I Giochi proibiti di Orban. Con il muro della vergogna può scordarsi le Olimpiadi. Dopo filo spinato e sgambetti è una follia affidare a Budapest l’evento sportivo

Fin dai tempi del barone De Coubertin le Olimpiadi hanno sempre avuto un significato di unione tra i popoli. Di pace. Di sfide sportive nel segno del fair play. Lo spirito olimpico. Lo stesso che possiede Viktor Orban, il primo ministro ungherese. L’uomo che vuole il muro per non far entrare i migranti. Che senza pudore ha il coraggio di iscrivere Budapest tra le cinque candidate alle Olimpiadi del 2024. Pensate che paradosso, o per rimanere in tema olimpico sarebbe meglio dire che rovescio della medaglia: Orban erge il muro contro i migranti e ha la sfrontatezza di volere organizzare i Giochi. Lui che la fiaccola accesa la lancerebbe contro i rifugiati al confine. E che i cinque cerchi li vede solo nel filo spinato che srotola alle frontiere. Vista la sua ospitalità, ormai famosa in tutto il mondo, Orban dovrebbe avere il senso del pudore di ritirare la candidatura. Almeno sarebbe coerente con la sua politica. Già il fatto che Budapest sia ai nastri di partenza rappresenta una vergogna. Uno scandalo. Non si può costruire un muro alle frontiere e nello stesso tempo allestire un villaggio olimpico che ospiti gli atleti di tutto il mondo. La situazione politica ha sempre inciso nella scelta delle sedi olimpiche.
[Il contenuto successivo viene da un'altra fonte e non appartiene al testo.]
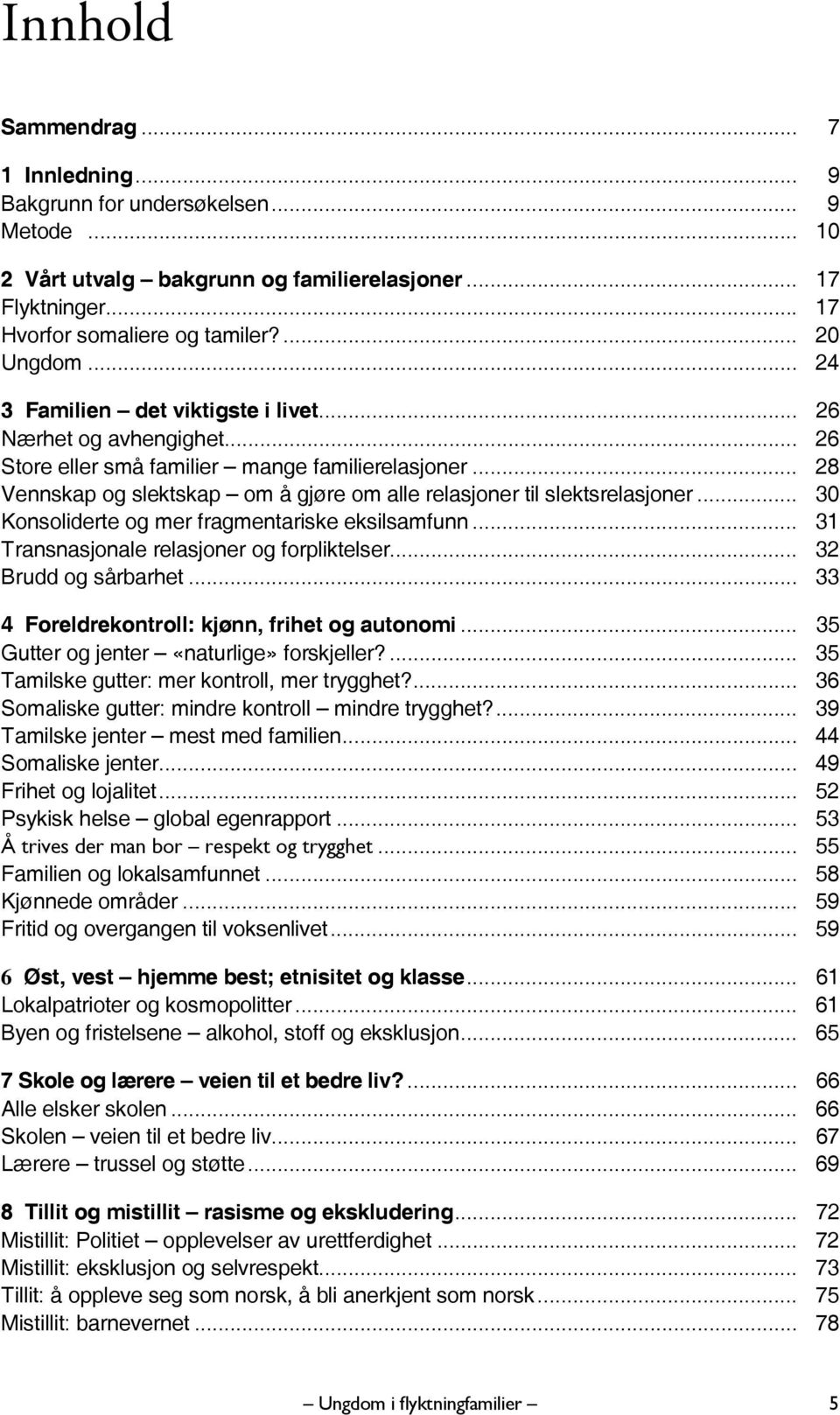 .. 30 Konsoliderte og mer fragmentariske eksilsamfunn... 31 Transnasjonale relasjoner og forpliktelser... 32 Brudd og sårbarhet... 33 4 Foreldrekontroll: kjønn, frihet og autonomi.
In verità qualche scivolone c’è pure stato, come i Giochi di Mosca e di Los Angeles – del 1980 e 1984 – caratterizzati dai boicottaggi, nonché le Olimpiadi di Berlino del 1936 nelle quali – per fortuna – si ricorderà più la vittoria di Jesse Owens che la parata dell’impero nazista.

LA VERGOGNA
Ve le immaginate le Olimpiadi a Budapest? Con le facce cattive dei poliziotti che picchiano, arrestano, braccano l’atleta siriano, iracheno o afgano. Che se poi dovesse farcela a fuggire verrebbe fermato dai reporter, pronti a fare lo sgambetto infame. Con il villaggio olimpico perimetrato dal filo spinato, tanto per evocare meglio i campi dell’Olocausto. No, grazie. Caro Orban, tieniti il tuo muro e lascia stare lo spirito olimpico. Le Olimpiadi sono un’altra cosa.

LA CORSA
Dopo la rinuncia di due colossi come Boston e Toronto, crescono le chance di Roma di accendere la fiaccola del 2024. Anche considerando il fatto che la Capitale ci ha provato invano in più occasioni. E prima o poi aspetta la ricompensa. Lasciando stare Budapest, perché non pensiamo che il Cio abbia voglia di prendersi gli insulti di mezzo mondo, restano in lizza Los Angeles, Amburgo, Parigi e appunto Roma. La città californiana sarebbe al terzo mandato, avendo già organizzato i Giochi del 1932 e del 1984. In realtà ci sembra un po’ troppo. Anche per una città unica come Los Angeles. Per Amburgo invece sarebbe la prima volta. Ma la città tedesca è brutta e non fa certo gola agli sponsor come Parigi e Roma. Il duello è tra le due capitali, entrambe al secondo giro, avendo già organizzato i Giochi del 1924 e del 1960. Attenzione a Parigi. I francesi partono favoriti perché riavrebbero le Olimpiadi esattamente un secolo dopo. Una suggestione che può far la differenza.